日本に初めてコーヒーが上陸した頃のお話です。
ヨーロッパではコーヒーが伝わってから約200年を経て、コーヒーは西欧の人々の生活になくてはならない飲みものになっていました。
一方その間、鎖国政策をとっていた日本は世界のコーヒー文化から取り残されていたのです。
日本では、長崎・出島が西欧の文化に触れることのできる唯一の場所でした。
コーヒーがオランダ商人によって日本に伝えられたのは1600年代初め、長崎・出島のオランダ商館での出来事でした。
初めてコーヒーを飲む名誉を与えられた日本人は残念ながらわかっていませんが、当時、オランダの商人と会うことができたのは、役人、商人、通訳、遊女だけ。

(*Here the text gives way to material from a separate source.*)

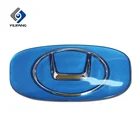 Custom chrome car emblems acrylic car logo badge auto stickers steering wheel emblem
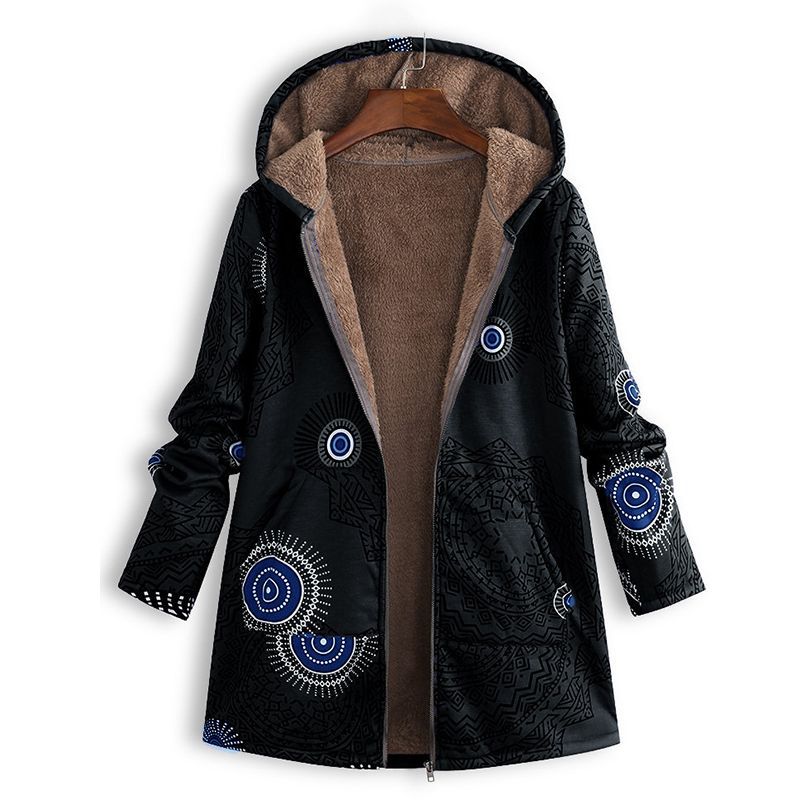 Harper | Women’s Hooded Floral Winter Coat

本当に限られた日本人のみが商館への出入りを許されていて、その中に初めてコーヒーを飲んだ日本人がいるのかもしれません。
文献「長崎寄合町諸事書上控」の中には、長崎丸山の遊女が貰った物の一つとして「コヲヒ豆一箱。チョクラート」という文章があります。彼女たちがここでコーヒーを飲んでいたことが想像できます。
この彼女が、日本最初にコーヒーを飲んだ人か定かではありませんが、このような遊女が最初に飲んだ可能性はあると思います。